I think it is a relevant topic and I think, you know, it’s interesting. We find customers – and I mean we’ve got State recycling goals that are high and city recycling goals that are high and corporate recycling goals that are high – and so folks are really looking for ways to help to achieve those goals. What’s interesting about single stream is we find, consistently, that about 40% more material when you switch – that’s on average – when you implement a single stream program, and so you have [a system that’s] more convenient, and so you have more people who are recycling more. I think at the same time what’s interesting, when you have a cart for example, it’s really easy to add a lot of types of materials and so it really (as we work hard to achieve those high levels of recycling), is its convenience that’s important. Another really important component is that the collection aspect is the most expensive piece of the whole system, and single stream is a much less expensive way to collect so you can basically get more engagement, more recycling, and by doing it in a single stream program it helps to keep the cost lower. And so we find, we have carts with lids and programs that maybe haven’t had as much education around them, as far as implementing them, which has all contributed to what we see as an increase in the amount of non-recyclable materials coming into facilities to the tune of an increase from about 8% to about 16% of the non-recyclable materials coming into our program now versus [before single stream].

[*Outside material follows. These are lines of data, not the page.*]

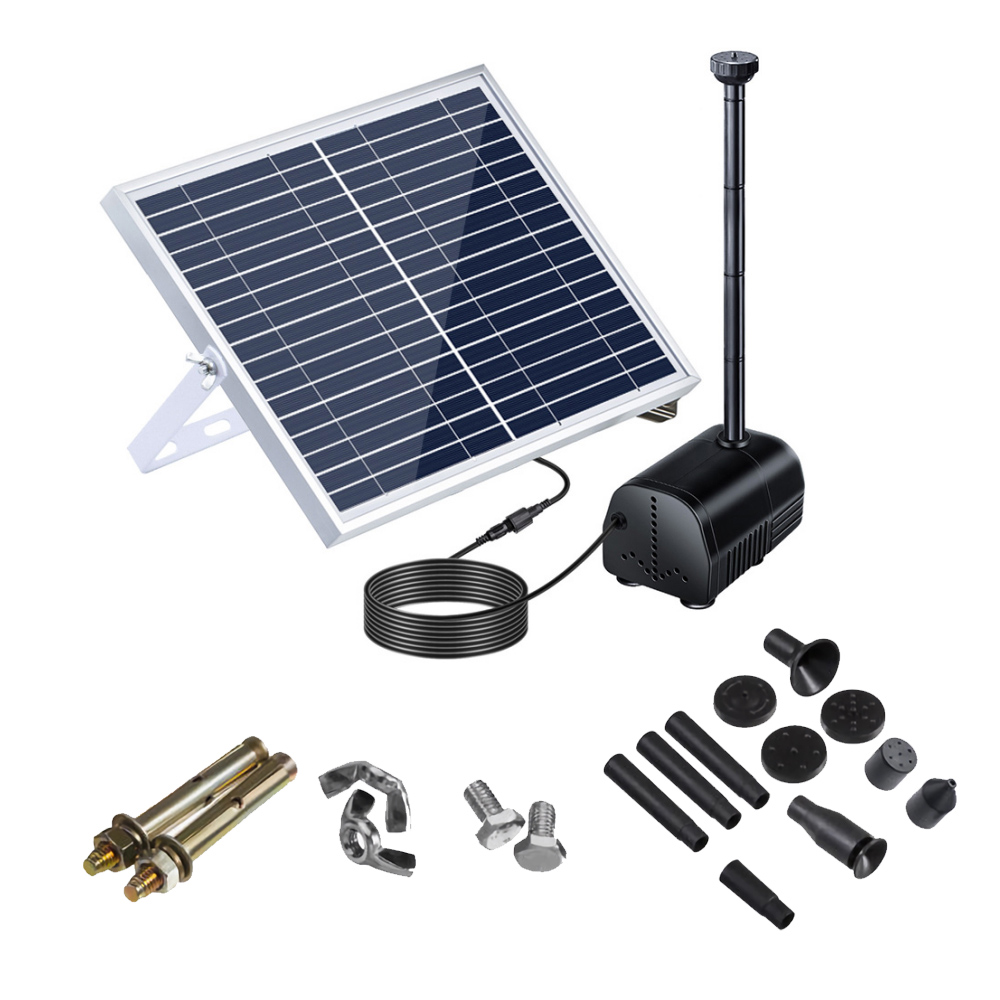 High-power Solar Landscape Fou - Solar Pool Pump Kit บทวิจารณ์และราคา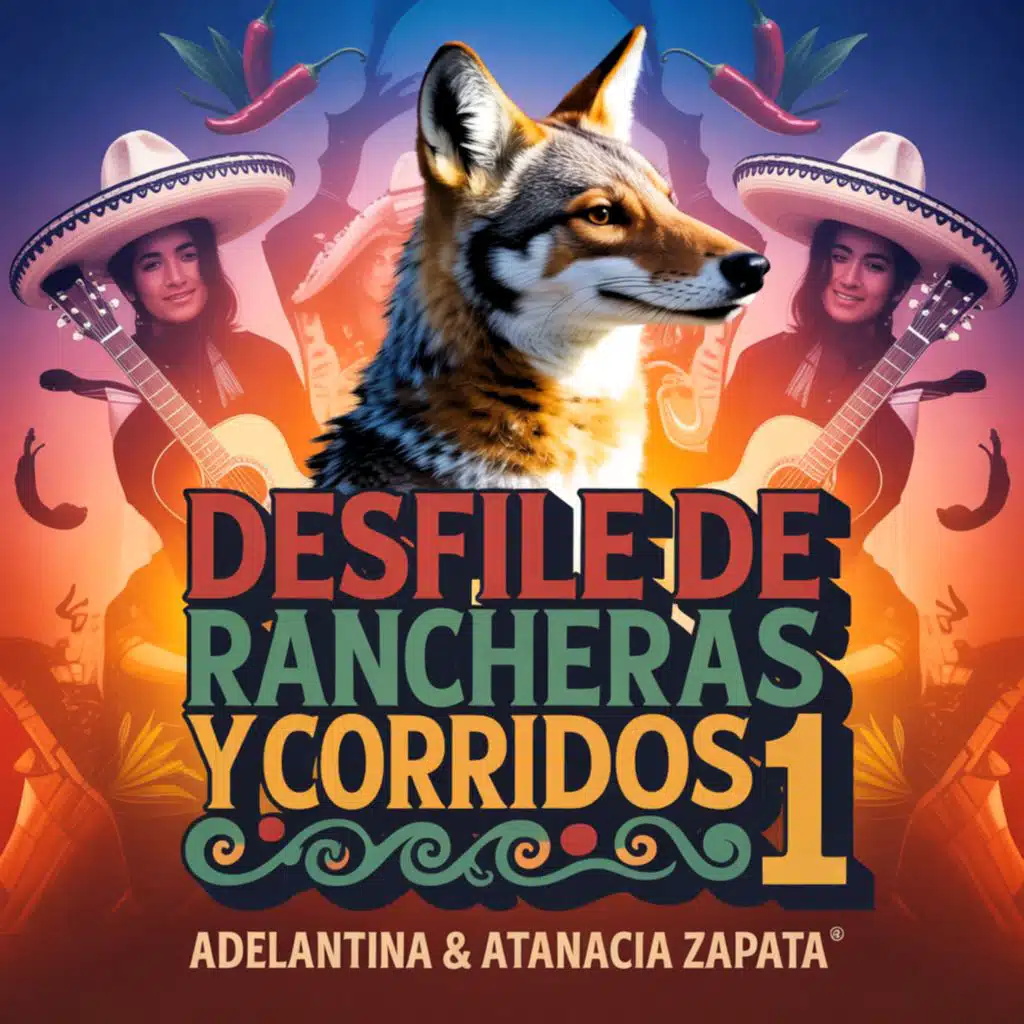 Desfile de rancheras y corridos 1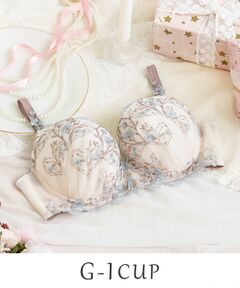 Risa Magli / リサマリ ブラ | フローチェ ブラジャー (G-I) ＜Glamor Bra／バストアップタイプ＞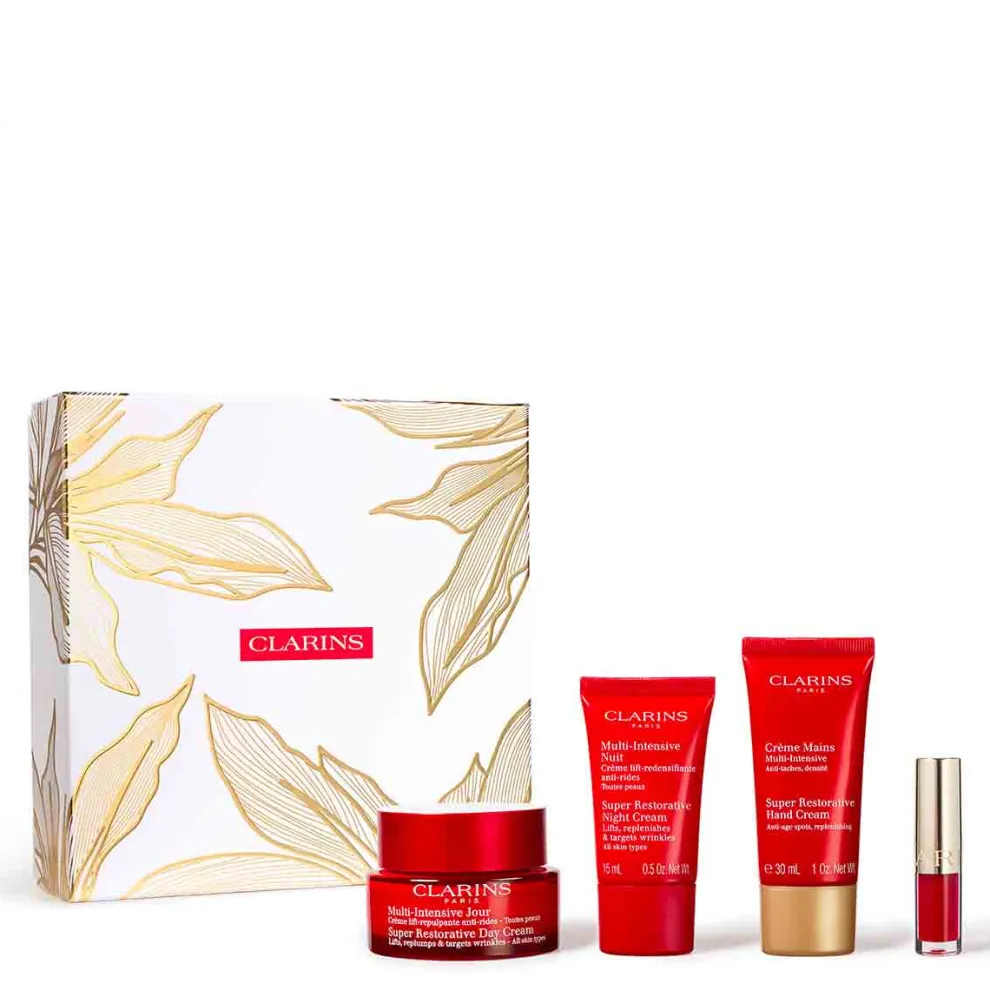 Clarins - Cadeauset Multi-Intensive - Anti-wrinkle face cream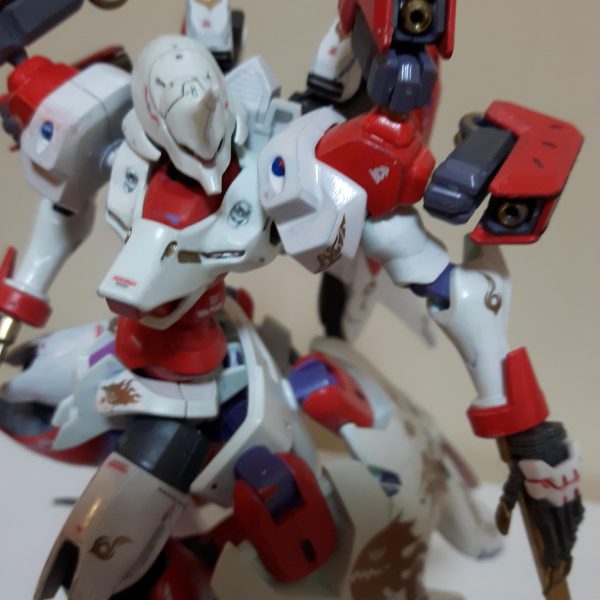 G-ルシファーです。い…一応宇宙世紀でいいのかな？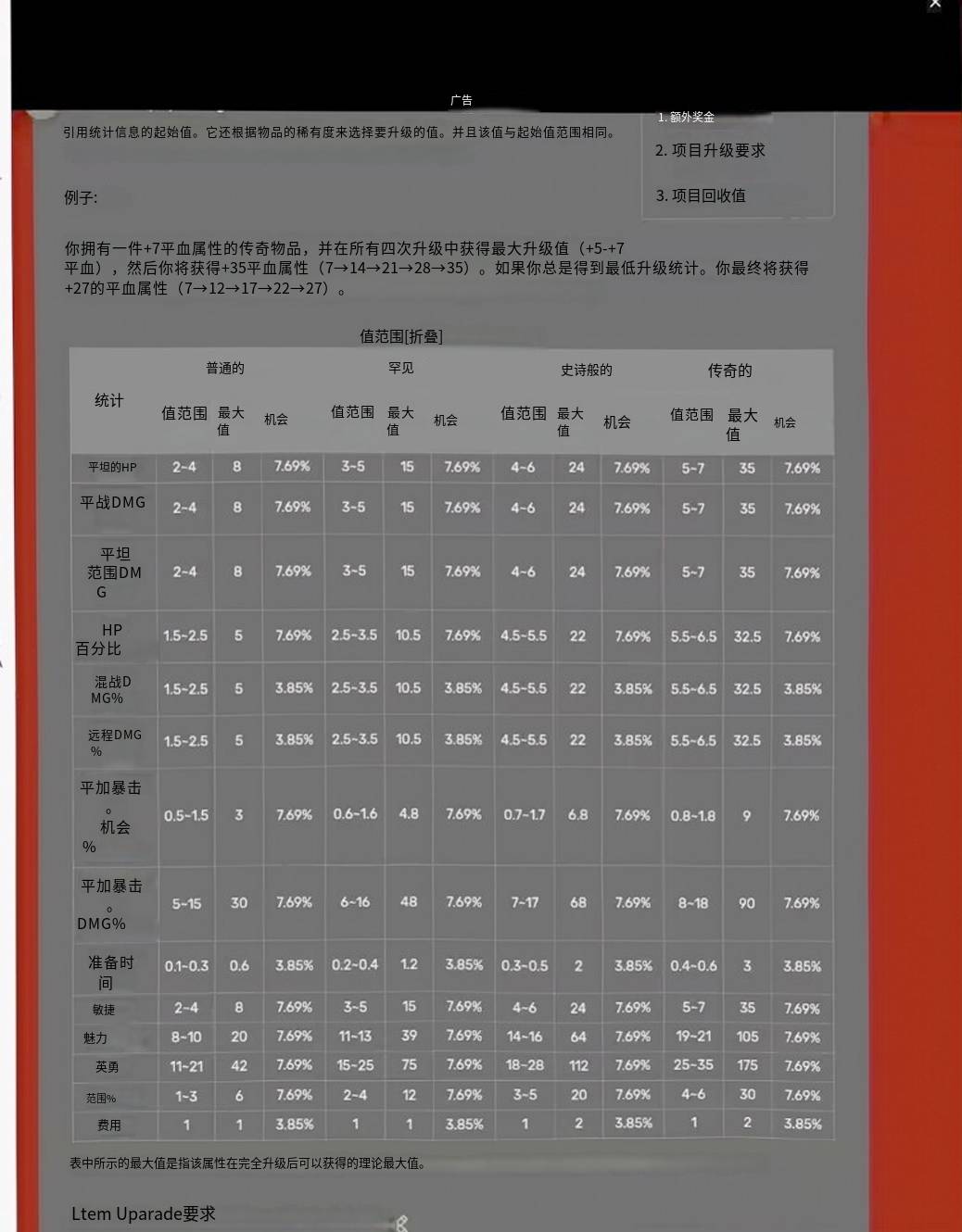 死亡突围装备系统通用简易攻略_图3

3. Can you explain what contamination is?

That’s a great – that’s going to depend on the program, so for example, if you have a program that only accepts bottle and cans, and you put paper in it, then in theory that would be a contaminate in that program. So if you leave something [in your recycling] that is not defined in a program, and that varies by community widely across the country, and is actually something we’ve been working on; creating a little more consistent messaging around what is acceptable to make it easier to understand what can be recycled and what can’t. We certainly have identified…a variety of other stakeholders, and we collaborating on identifying what the key contaminates are, and the ones that are the most problematic, so that we can do better job of educating consumers about how to recycle right.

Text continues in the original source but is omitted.